The name on the masthead says American Songwriter, and yet I feel like a lot of people don’t think of Prince in those terms. I would argue that he’s probably the most important American songwriter to come along since the ’80s. Whole genres of music wouldn’t exist without the guy.

A fellow Minnesotan named Bob Dylan set an early example that Prince followed, as both artists seemed to inherently understand that personal mystery not only enhances interest in the music, but it also allows folks who have never walked in the artist’s shoes to relate to the songs as if the experiences within were their own. This revelation dawned on me when I was 16, when a buddy of mine who was shunned by a pretty girl at a party put on a cassette of Purple Rain on our way home and proceeded to scream out every word of “Beautiful Ones” as he burned down the highway. My first thought was that I should have driven; my second was that Prince, whose romantic exploits were the stuff of legend even then, had convinced my buddy that they were kindred losers in love.

Let’s count the list of things that Prince did better than anybody else. He wrote the most convincing songs about sex. He invented the most and cleverest euphemisms for sex in song. He had the best signature color. He recorded the most hypnotically funky track to not have any bass on it (“When Doves Cry.”) He developed the most charismatic production tics for his music (the percussion effects he used in so many songs that made the drum sound sometimes like a firecracker that popped off in your hand, sometimes like the creaking hull of a ship.) He fought with record companies in the most bizarrely charismatic manner. He did the best Super Bowl halftime show (and it’s not even close.) He created the best post-Beatles “Hey Jude” (“Purple Rain”) and the grooviest Sgt. Pepper’s homage (Around The World In A Day.) While we’re on the topic of albums, his streak in the ’80s from Dirty Mind to Sign O’ The Times, seven albums in eight years, leaves behind anyone else in the decade in terms of prolific brilliance, including his chief rivals at the time, Michael, Madonna, and Bruce. And none of them were self-contained entities, writing, producing performing, sometimes playing all the instruments. On and on it goes.

If it felt weird to say that David Bowie died, saying that Prince died is just nonsensical. Not just because he never seemed to age, so that you could imagine him at 97 still doing splits in between solos, but because his inherent coolness seemed impervious to any kind of intrusion on his body and soul. Death should have bounced off him so he could start the next set.

Back to the songwriting though. I don’t know if Prince will ever get enough credit as a lyricist, partly because the music that surrounded the words was so vibrant.
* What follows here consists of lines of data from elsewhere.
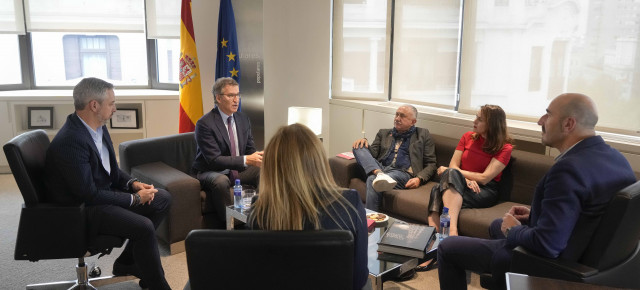 Feijóo, Ana Alós y Juan Bravo junto al secretario general de UGT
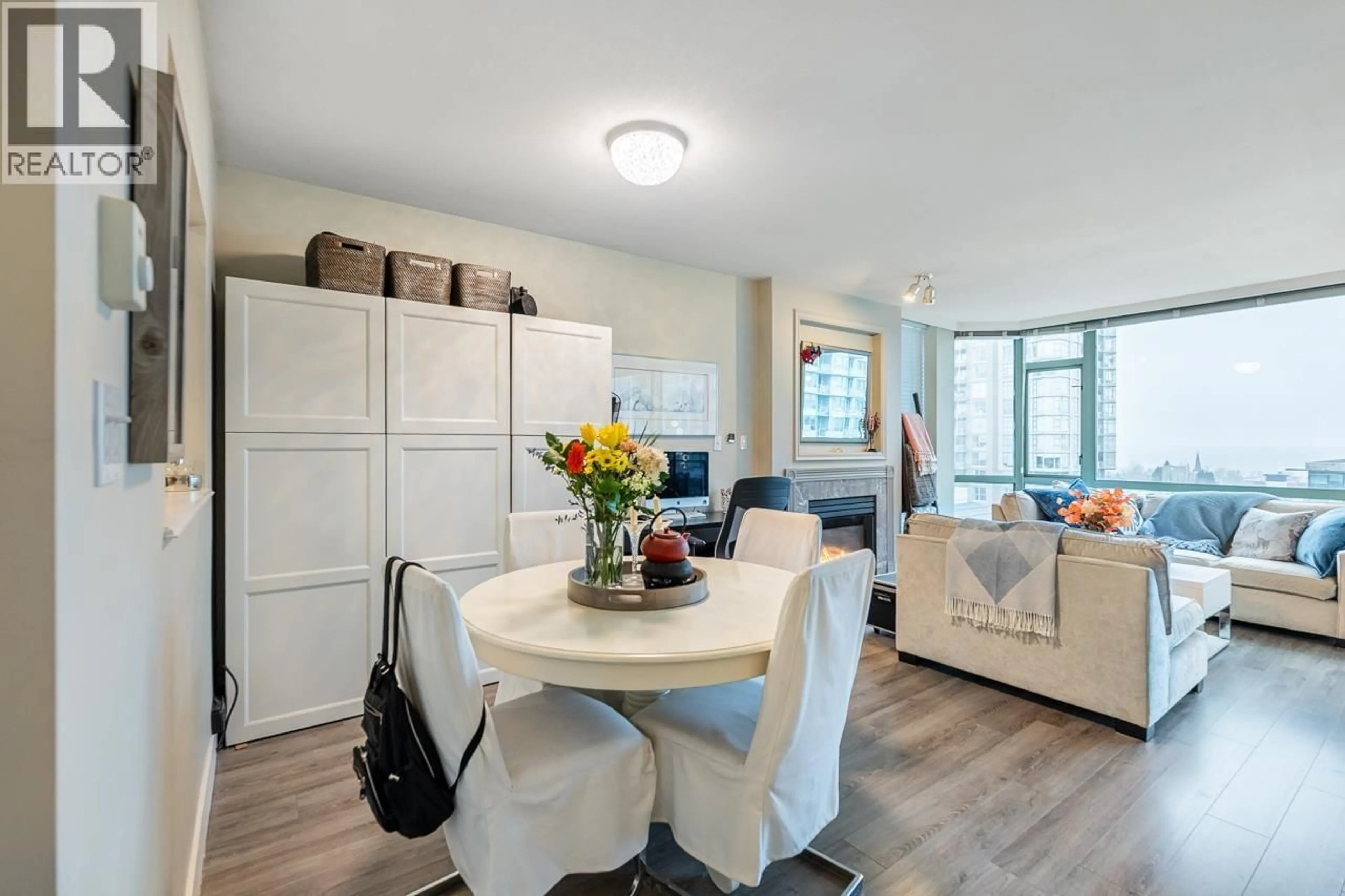 Open concept kitchen, unknown for 903 - 140 14TH STREET, North Vancouver British Columbia V7L2N3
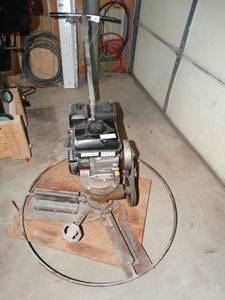 lot 439 image: Gas powered concrete finisher- 5.5 hp briggs motor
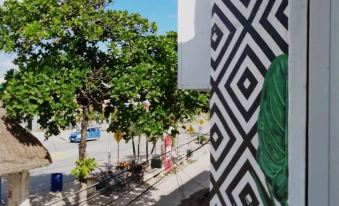 Emotion Avenida Tulum Hotel & Hostal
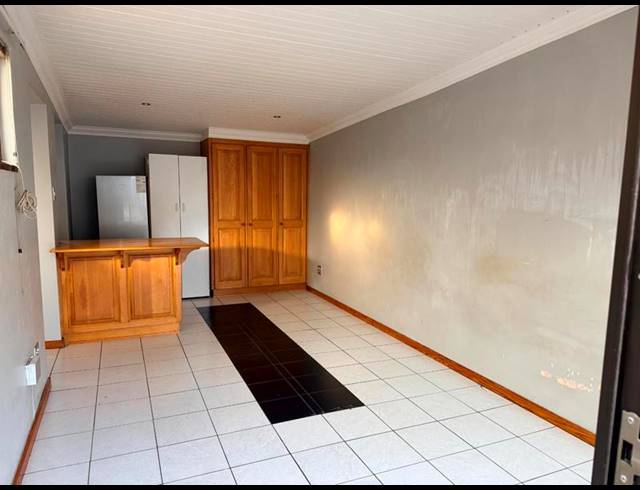 1 BEDROOM PROPERTY TO RENT IN BOSTON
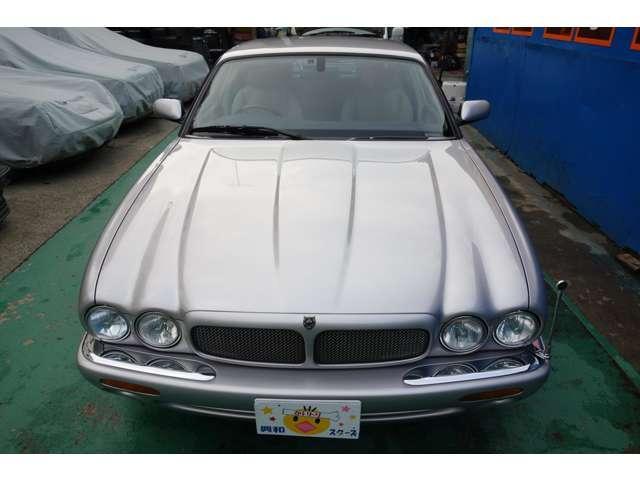 ＸＪ ＸＪＲ　４．０スーパーチャージドＶ８　ＸＪＲ　４．０　スーパーチャージド　Ｖ８　買取仕入（19枚目）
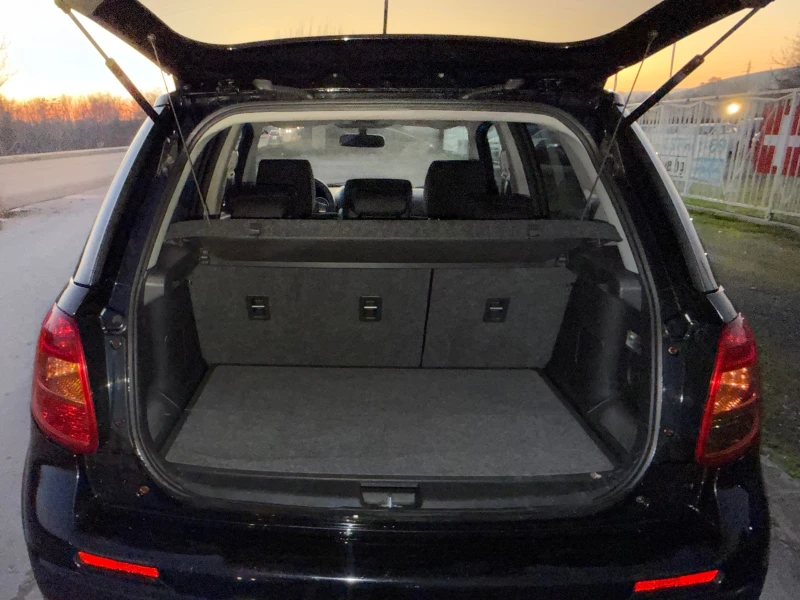 Suzuki SX4 4x4 AUTOMAT NAVI ШВЕЙЦАРИЯ, снимка 11 - Автомобили и джипове - 52745804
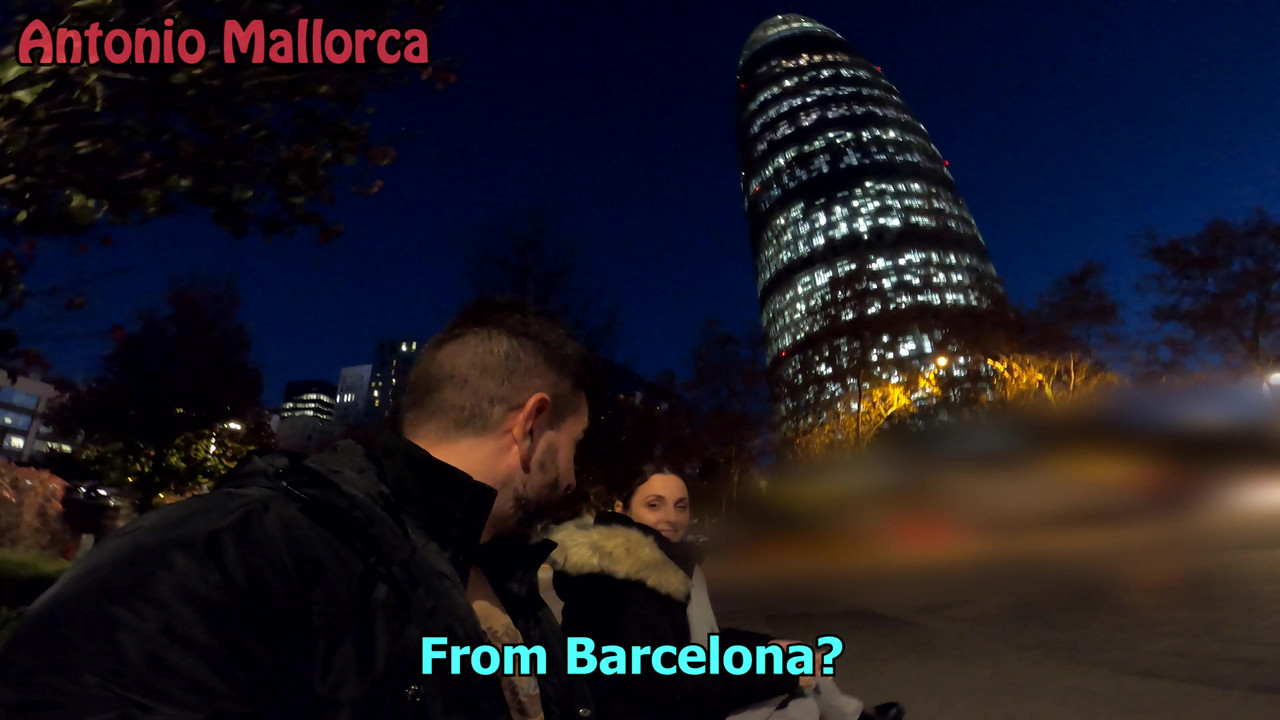 在我丢了airbnb后，热辣的大屁股西班牙人邀请我去她的酒店房间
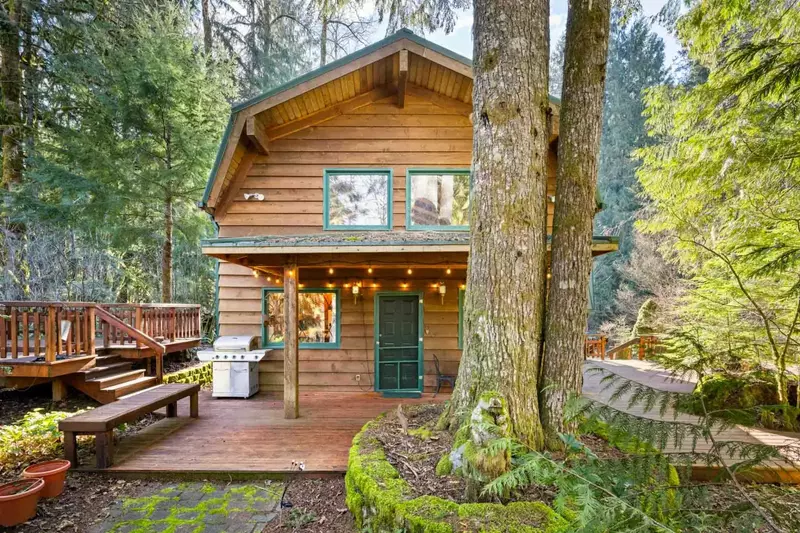 This rental is nestled in the forest. It is like a cabin straight out of a fairytale.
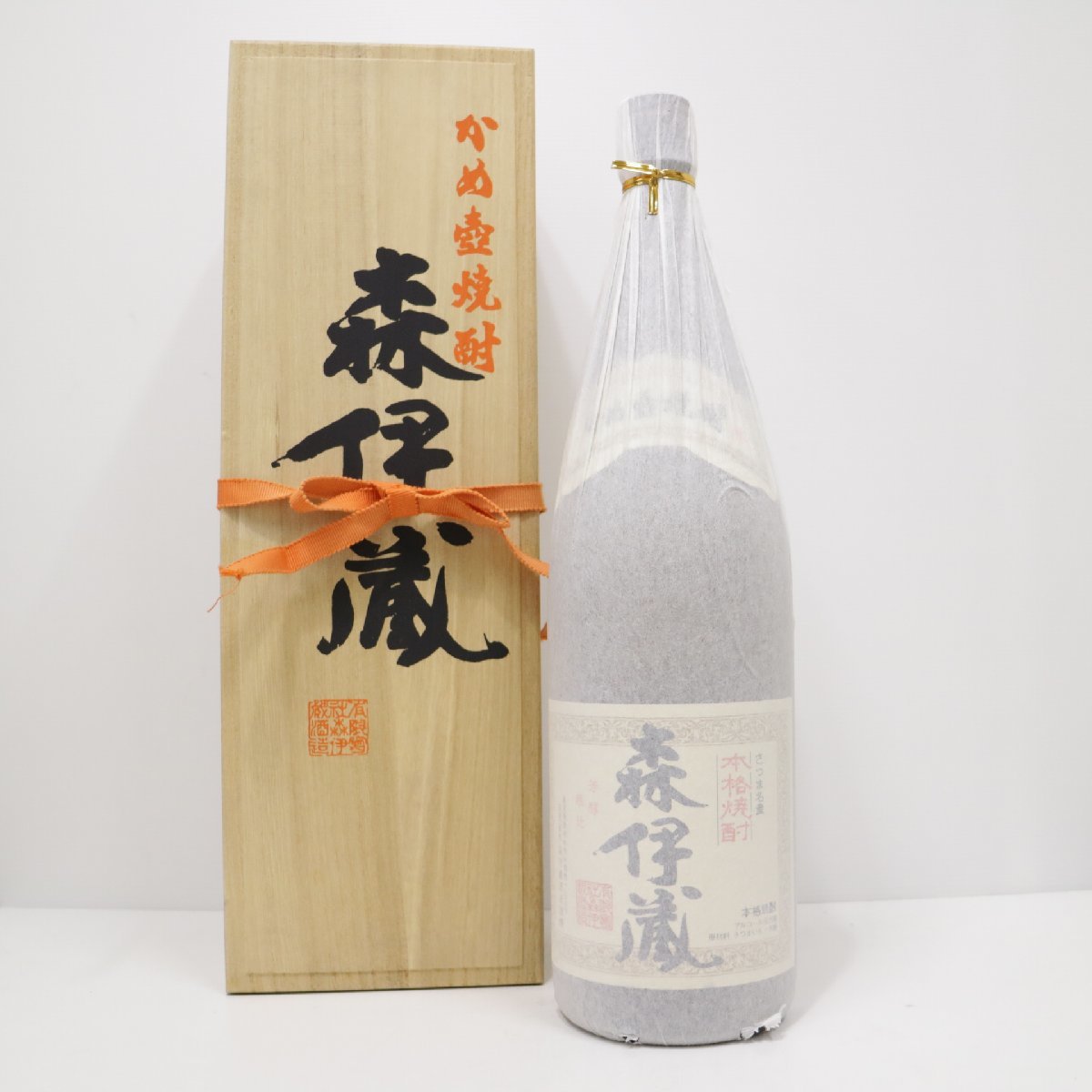 J00087HE1S　本格焼酎 森伊蔵 さつま名産 かめ壺焼酎 国産 芋 焼酎 一升瓶 木箱有 1800ml 25％ 古酒 未開栓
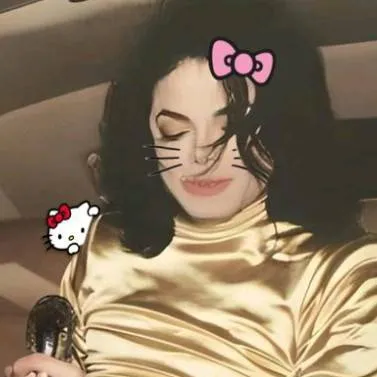 chat with ai character: *＊✿❀ 𝑀𝐽 ❀✿＊*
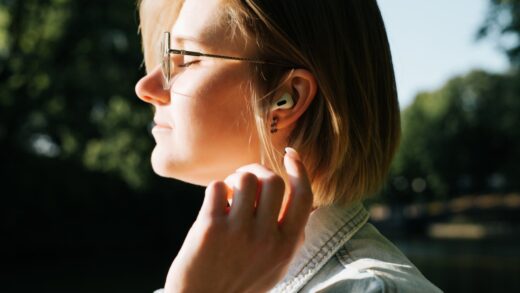 Muzyka a zdrowie psychiczne: jak dźwięki wpływają na samopoczucie?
Yet singular lines keep popping up into my mind, lines that other songwriters just couldn’t ever compose because they couldn’t approach the idiosyncrasy or command of that aforementioned coolness: “You don’t have to watch Dynasty to have an attitude”; “She walked in through the out door”; “War is all around us, my mind says prepare to fight/ So if I gotta die I’m gonna listen to my body tonight”; “Sister killed her baby cuz’ she couldn’t afford to feed it/ And we’re sending people to the moon”; “He tells me in his bedroom voice/ C’mon, honey, let’s go make some noise”; “I only wanted to see you bathing in the purple rain”; and pretty much all of “When Doves Cry,” especially the refrain (“This is what it sounds like when doves cry”) and “Touch, if you will, my stomach.”

I find myself making lists of all the things Prince has done and done well because the alternative is far too depressing to contemplate. So let’s just end this by hoping that he was right about the Afterworld. If he was, there will be one hell of a show starting there at about one A.M. tonight.